━━━━━ Supplied data
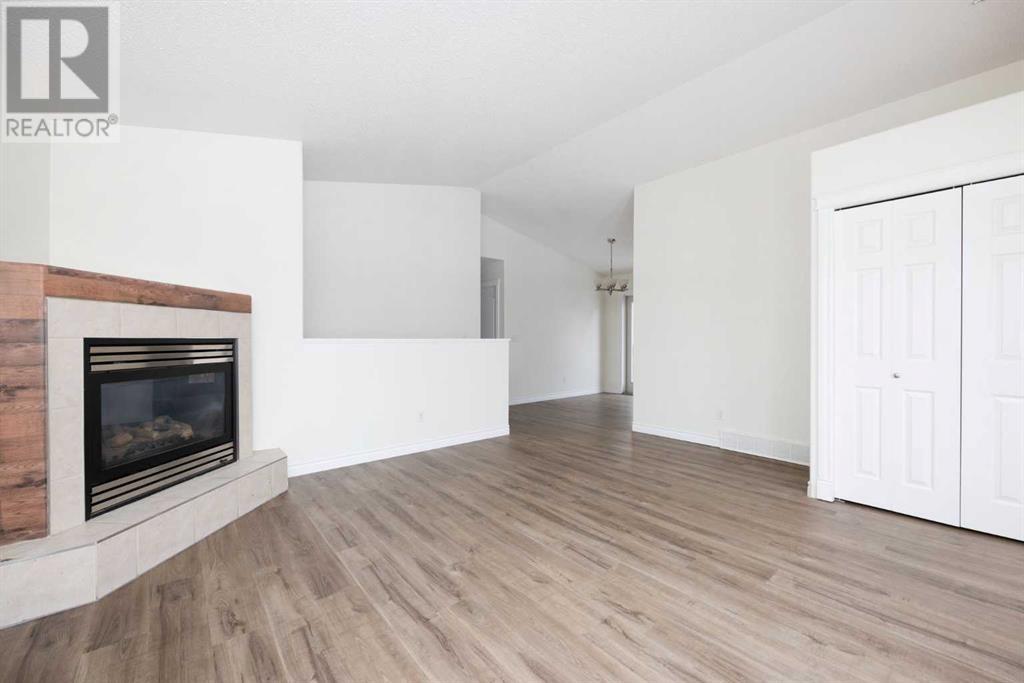 Property at 137 Swanson Crescent image 3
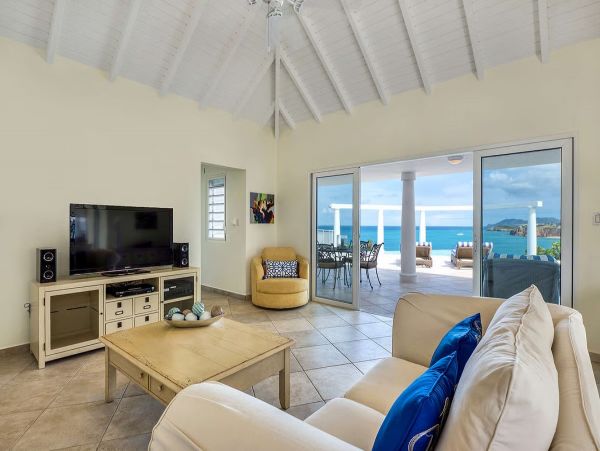 Saint Martin Breathtaking Villa on a Cliff with Pool & Impeccable Ocean Views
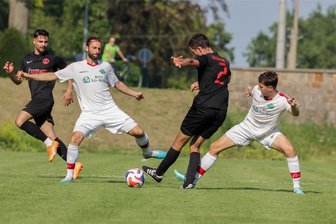 FSV Limbach-Oberfrohna fühlt sich benachteiligt - und scheitert mit Klage gegen seinen Abstieg aus der Fußball-Landesklasse - Im vergangenen Spieljahr standen sich der FSV Limbach-Oberfrohna (in Weiß) und der Meeraner SV in der Landesklasse West gegenüber. Kommende Saison sehen sich beide Teams in der Kreisoberliga wieder.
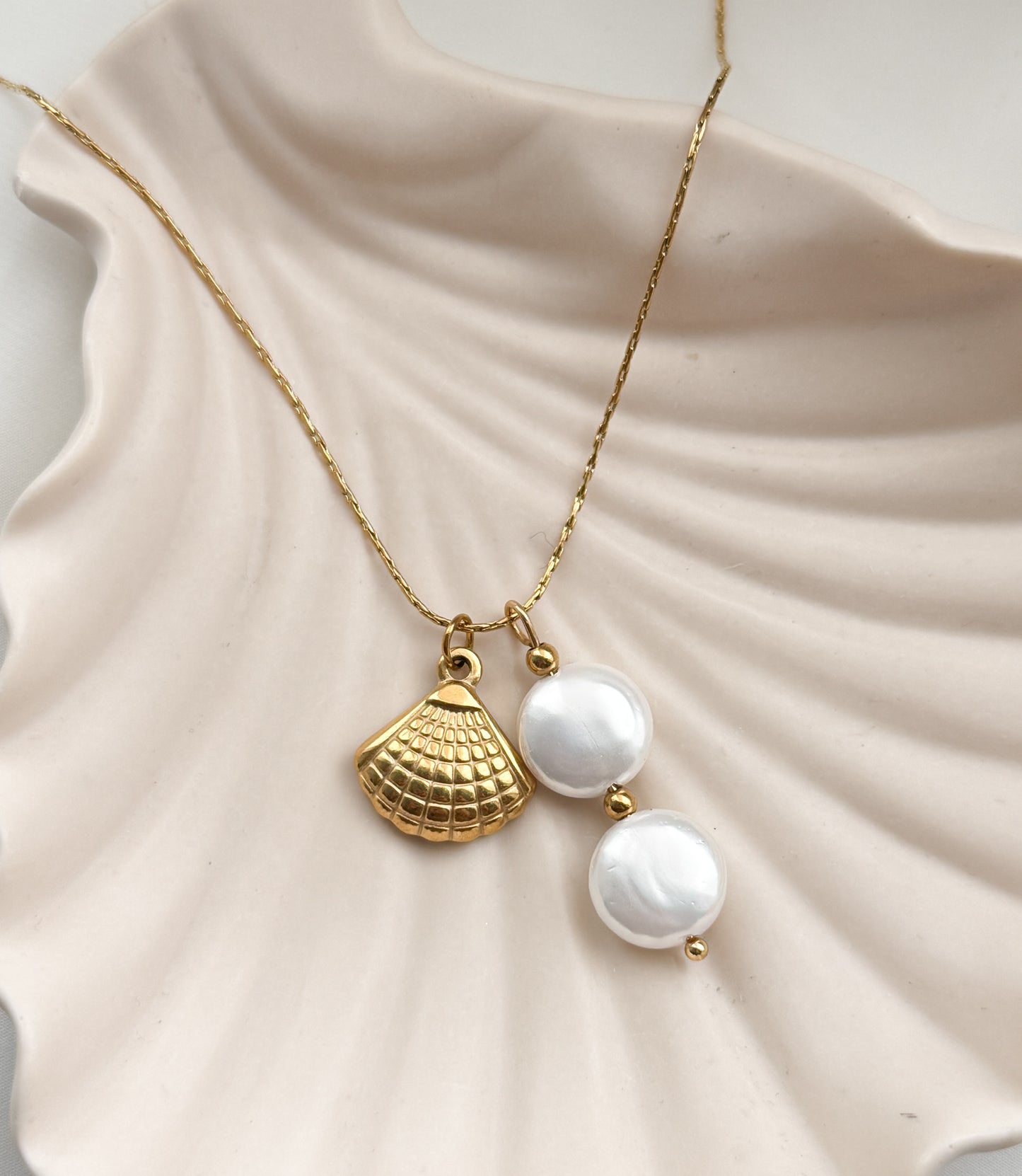 Illa Bonita Necklace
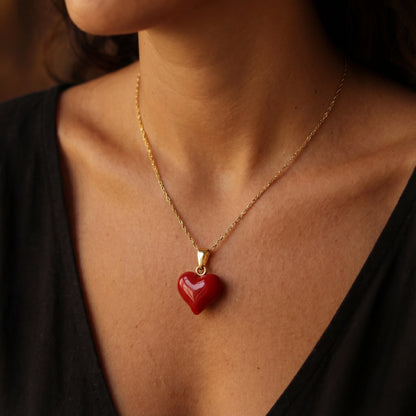 שרשרת RED NECKLACE יוקרתית עם תליון לב אמייל אדום בוהק מבית Lidi. שרשרת סטיינלס סטיל עדינה ואלגנטית.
━━━━━━━━━━
_How to complete this task_.
Only what runs from the line holding "FSV Limbach-Oberfrohna fühlt" through the end of the entries above is to be given again, exactly, with every picture omitted.

_Exercise response_.
 FSV Limbach-Oberfrohna fühlt sich benachteiligt - und scheitert mit Klage gegen seinen Abstieg aus der Fußball-Landesklasse - Im vergangenen Spieljahr standen sich der FSV Limbach-Oberfrohna (in Weiß) und der Meeraner SV in der Landesklasse West gegenüber. Kommende Saison sehen sich beide Teams in der Kreisoberliga wieder.
 Illa Bonita Necklace
 שרשרת RED NECKLACE יוקרתית עם תליון לב אמייל אדום בוהק מבית Lidi. שרשרת סטיינלס סטיל עדינה ואלגנטית.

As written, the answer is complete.